Let $T:V \rightarrow V$ be a linear map which maintains $ T^2=T$ , $\forall v \in V\ ||Tv||\le||v||$.
Prove that there is exists a subspace $U\subseteq V$ ,$0 \le dimU\le n $, such that T is the Orthogonal projection on U.
I tried to prove that $ImT \perp KerT $.But I don't know how to use the fact that $||Tv||\le||v||$.Maybe Cauchy–Schwarz inequality can helps somehow ?

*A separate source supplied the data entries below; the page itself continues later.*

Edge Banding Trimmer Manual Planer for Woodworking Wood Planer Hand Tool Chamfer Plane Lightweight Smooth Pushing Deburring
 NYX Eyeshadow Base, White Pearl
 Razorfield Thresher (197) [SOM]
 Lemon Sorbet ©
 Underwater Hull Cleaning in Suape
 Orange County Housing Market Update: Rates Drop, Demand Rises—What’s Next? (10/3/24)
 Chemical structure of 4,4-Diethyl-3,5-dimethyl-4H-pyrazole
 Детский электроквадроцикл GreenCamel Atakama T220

Your idea is good, let's start defining those quantities
$$Im(T) = \{ x \in V : x = Tv, v \in V \}$$
$$Ker(T) = \{ y \in V : Ty = 0 \}.$$
We need to show that for any $x \in Im(T)$ and $y \in Ker(T)$ we must have $\left < x, y\right > = 0.$
As $x \in Im(T)$, there is a $v \in V$ such that $$x = Tv.$$
By the idempotent property, we also have
$$T(x) = T(Tv) = Tv = x. $$
and since $y \in Ker(T)$ we get $T(x + ay) = T(x) + aT(y) = T(x) = x$ for any scalar $a$.
Using the inequality we get $\| x \| = \| T(x+ ay) \| \leq \|x + ay \|.$
As the above is true for an arbitrary chosen $a$, the result now follows.